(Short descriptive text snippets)
####
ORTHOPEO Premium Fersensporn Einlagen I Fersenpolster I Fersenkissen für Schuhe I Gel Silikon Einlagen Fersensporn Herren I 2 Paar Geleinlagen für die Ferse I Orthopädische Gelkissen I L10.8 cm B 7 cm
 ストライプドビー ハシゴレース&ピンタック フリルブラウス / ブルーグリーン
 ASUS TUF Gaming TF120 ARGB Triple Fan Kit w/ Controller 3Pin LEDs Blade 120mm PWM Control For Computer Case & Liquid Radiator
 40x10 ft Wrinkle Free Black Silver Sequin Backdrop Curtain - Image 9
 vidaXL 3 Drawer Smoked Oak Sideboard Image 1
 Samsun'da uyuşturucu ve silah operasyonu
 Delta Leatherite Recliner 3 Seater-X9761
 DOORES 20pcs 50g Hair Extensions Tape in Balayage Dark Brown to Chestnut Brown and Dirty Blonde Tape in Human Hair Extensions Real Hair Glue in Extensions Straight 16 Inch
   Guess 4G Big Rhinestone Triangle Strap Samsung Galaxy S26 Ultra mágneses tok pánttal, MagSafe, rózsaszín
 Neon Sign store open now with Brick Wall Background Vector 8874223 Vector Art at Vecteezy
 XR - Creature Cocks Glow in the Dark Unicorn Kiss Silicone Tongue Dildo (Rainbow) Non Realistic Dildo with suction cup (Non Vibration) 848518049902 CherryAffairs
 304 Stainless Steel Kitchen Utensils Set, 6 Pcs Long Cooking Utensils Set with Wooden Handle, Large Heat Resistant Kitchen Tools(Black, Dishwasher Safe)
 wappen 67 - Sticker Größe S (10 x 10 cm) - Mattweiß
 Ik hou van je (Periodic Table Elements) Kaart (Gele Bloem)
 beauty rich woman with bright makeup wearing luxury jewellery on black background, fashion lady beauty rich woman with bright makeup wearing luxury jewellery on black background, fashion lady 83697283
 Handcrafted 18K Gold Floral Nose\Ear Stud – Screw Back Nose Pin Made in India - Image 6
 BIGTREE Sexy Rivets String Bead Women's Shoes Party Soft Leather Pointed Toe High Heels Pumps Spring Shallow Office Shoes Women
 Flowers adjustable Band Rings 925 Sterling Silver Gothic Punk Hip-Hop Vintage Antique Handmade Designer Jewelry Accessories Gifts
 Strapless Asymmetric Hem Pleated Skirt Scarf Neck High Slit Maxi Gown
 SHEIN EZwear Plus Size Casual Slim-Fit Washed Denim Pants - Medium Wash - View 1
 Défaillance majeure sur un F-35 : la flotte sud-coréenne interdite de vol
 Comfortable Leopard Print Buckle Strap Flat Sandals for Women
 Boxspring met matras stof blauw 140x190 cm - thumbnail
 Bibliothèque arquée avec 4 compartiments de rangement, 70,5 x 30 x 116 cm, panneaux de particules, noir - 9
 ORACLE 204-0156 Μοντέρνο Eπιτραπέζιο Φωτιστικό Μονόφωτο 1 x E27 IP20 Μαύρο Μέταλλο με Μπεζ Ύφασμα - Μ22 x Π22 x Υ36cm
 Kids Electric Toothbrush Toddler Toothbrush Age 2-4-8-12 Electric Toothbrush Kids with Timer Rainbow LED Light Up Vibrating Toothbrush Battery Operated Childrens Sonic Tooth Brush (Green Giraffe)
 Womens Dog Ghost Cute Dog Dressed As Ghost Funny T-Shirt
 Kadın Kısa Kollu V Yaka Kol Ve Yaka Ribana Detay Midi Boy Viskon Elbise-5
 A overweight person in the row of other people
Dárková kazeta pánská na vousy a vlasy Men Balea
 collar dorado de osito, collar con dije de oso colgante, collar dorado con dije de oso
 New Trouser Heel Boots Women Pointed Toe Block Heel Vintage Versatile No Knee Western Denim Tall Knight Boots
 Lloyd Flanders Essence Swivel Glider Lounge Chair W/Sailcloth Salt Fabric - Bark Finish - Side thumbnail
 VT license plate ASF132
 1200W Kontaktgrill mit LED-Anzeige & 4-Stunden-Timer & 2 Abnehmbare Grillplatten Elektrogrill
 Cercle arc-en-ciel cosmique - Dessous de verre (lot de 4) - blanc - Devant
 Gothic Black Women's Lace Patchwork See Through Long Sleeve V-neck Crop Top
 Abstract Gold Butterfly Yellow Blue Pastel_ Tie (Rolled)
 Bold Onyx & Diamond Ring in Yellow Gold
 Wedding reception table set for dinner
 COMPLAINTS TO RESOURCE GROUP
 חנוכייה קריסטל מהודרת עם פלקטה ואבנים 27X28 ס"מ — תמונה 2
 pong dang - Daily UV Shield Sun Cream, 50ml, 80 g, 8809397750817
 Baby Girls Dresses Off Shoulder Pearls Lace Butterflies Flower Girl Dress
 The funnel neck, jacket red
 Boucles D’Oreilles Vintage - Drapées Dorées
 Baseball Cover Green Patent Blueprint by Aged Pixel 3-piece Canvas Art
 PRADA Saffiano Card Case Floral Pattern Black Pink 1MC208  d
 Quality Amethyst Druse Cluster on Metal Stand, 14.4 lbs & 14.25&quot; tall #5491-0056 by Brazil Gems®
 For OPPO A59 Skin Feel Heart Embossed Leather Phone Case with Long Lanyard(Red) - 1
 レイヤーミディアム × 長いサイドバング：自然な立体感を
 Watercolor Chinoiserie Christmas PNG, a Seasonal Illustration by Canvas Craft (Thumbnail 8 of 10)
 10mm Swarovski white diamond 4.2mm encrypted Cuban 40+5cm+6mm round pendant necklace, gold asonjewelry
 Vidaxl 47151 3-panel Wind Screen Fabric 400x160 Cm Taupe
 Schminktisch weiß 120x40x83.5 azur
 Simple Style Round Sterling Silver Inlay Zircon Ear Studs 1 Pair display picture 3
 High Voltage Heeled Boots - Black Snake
####
→ Problem statement: Only lines containing the string "Sterling" belong in the answer; find them in the data above and copy them.

→ Response:
 Flowers adjustable Band Rings 925 Sterling Silver Gothic Punk Hip-Hop Vintage Antique Handmade Designer Jewelry Accessories Gifts
 Simple Style Round Sterling Silver Inlay Zircon Ear Studs 1 Pair display picture 3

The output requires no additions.